Each entry below is to be restated word for word, with no pictures carried over.
═════ AVAILABLE DATA
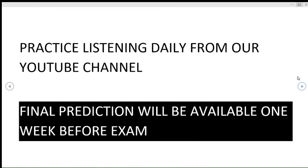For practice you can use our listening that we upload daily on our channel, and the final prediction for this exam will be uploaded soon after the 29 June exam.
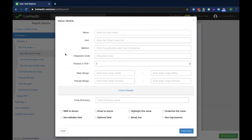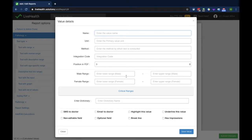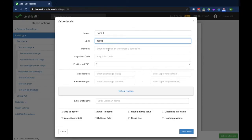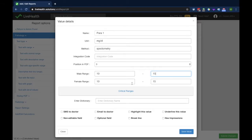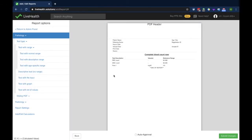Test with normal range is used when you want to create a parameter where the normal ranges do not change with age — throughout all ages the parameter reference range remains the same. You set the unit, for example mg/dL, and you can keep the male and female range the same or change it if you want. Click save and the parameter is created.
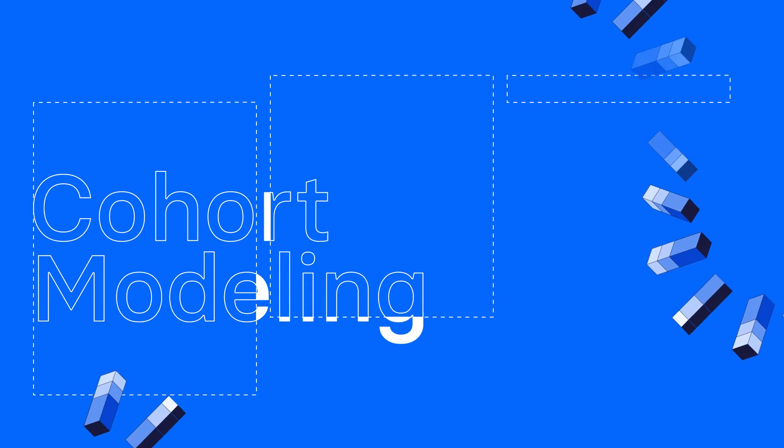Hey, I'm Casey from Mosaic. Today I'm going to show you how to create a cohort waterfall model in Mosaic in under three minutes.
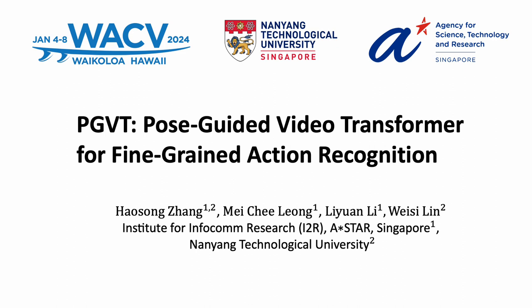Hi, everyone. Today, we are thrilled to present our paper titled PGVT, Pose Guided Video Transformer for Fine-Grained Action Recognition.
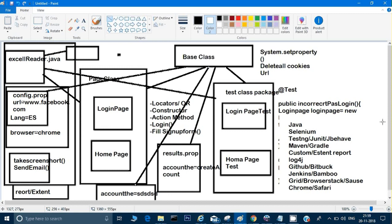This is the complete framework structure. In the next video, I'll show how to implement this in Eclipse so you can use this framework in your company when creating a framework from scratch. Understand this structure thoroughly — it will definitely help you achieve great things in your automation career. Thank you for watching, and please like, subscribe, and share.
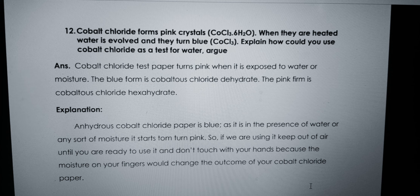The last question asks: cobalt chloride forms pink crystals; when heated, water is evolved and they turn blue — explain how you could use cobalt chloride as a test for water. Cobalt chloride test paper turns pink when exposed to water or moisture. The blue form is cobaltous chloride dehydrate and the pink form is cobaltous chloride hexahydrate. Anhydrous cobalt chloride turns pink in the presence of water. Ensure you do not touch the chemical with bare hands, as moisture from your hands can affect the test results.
══════════
### OUTPUT OF THE EXERCISE
For practice you can use our listening that we upload daily on our channel, and the final prediction for this exam will be uploaded soon after the 29 June exam.
Test with normal range is used when you want to create a parameter where the normal ranges do not change with age — throughout all ages the parameter reference range remains the same. You set the unit, for example mg/dL, and you can keep the male and female range the same or change it if you want. Click save and the parameter is created.
Hey, I'm Casey from Mosaic. Today I'm going to show you how to create a cohort waterfall model in Mosaic in under three minutes.
Hi, everyone. Today, we are thrilled to present our paper titled PGVT, Pose Guided Video Transformer for Fine-Grained Action Recognition.
This is the complete framework structure. In the next video, I'll show how to implement this in Eclipse so you can use this framework in your company when creating a framework from scratch. Understand this structure thoroughly — it will definitely help you achieve great things in your automation career. Thank you for watching, and please like, subscribe, and share.
The last question asks: cobalt chloride forms pink crystals; when heated, water is evolved and they turn blue — explain how you could use cobalt chloride as a test for water. Cobalt chloride test paper turns pink when exposed to water or moisture. The blue form is cobaltous chloride dehydrate and the pink form is cobaltous chloride hexahydrate. Anhydrous cobalt chloride turns pink in the presence of water. Ensure you do not touch the chemical with bare hands, as moisture from your hands can affect the test results.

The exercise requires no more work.